= BRIEF =
Restate word for word the lines below from the one that has "An Edwardian 9ct" through the one that has "NISSAN JUKE I", keeping both and dropping all pictures.

= EXCERPTED RECORDS =
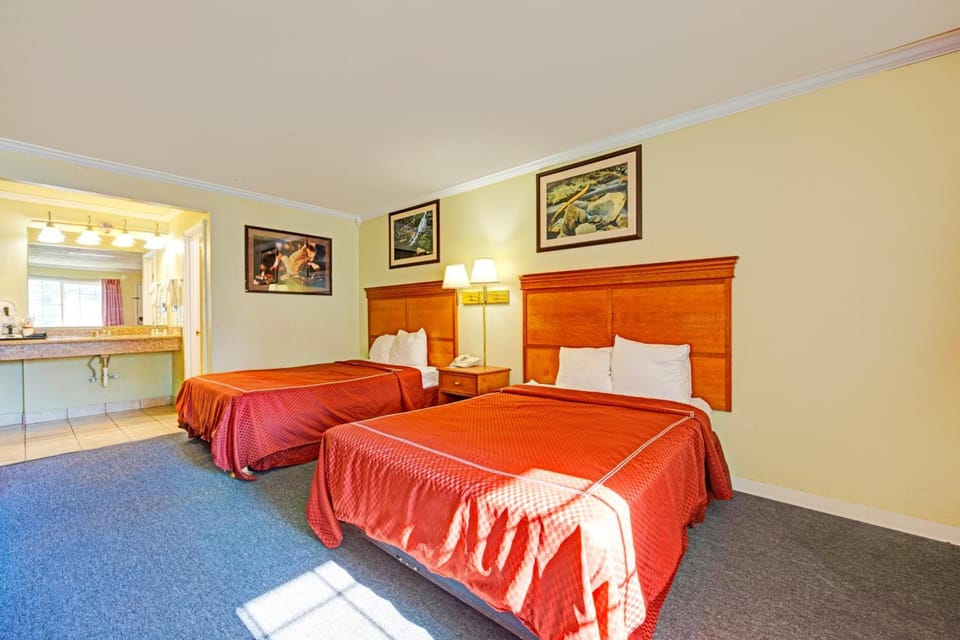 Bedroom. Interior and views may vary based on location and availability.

==

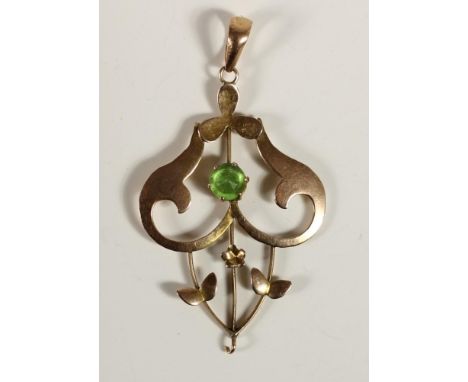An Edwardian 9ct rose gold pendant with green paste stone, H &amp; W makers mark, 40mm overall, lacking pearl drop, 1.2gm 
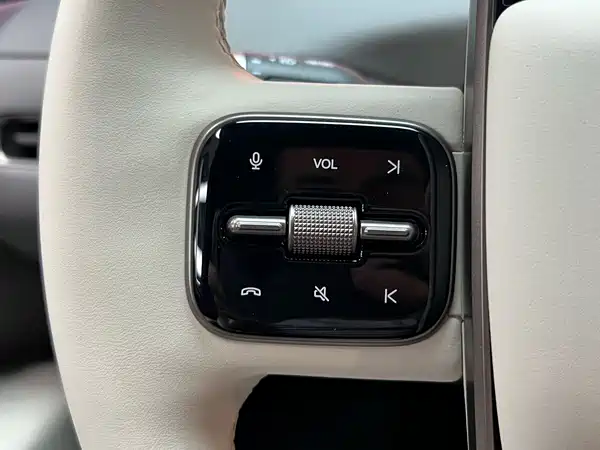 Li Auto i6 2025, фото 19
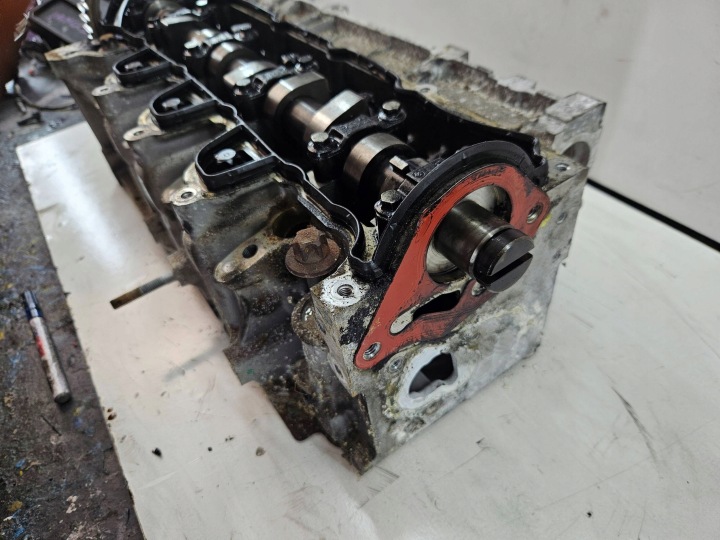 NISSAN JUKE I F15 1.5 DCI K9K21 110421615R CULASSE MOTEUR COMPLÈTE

= RESULT OF THIS EXERCISE =
An Edwardian 9ct rose gold pendant with green paste stone, H &amp; W makers mark, 40mm overall, lacking pearl drop, 1.2gm 
 Li Auto i6 2025, фото 19
 NISSAN JUKE I F15 1.5 DCI K9K21 110421615R CULASSE MOTEUR COMPLÈTE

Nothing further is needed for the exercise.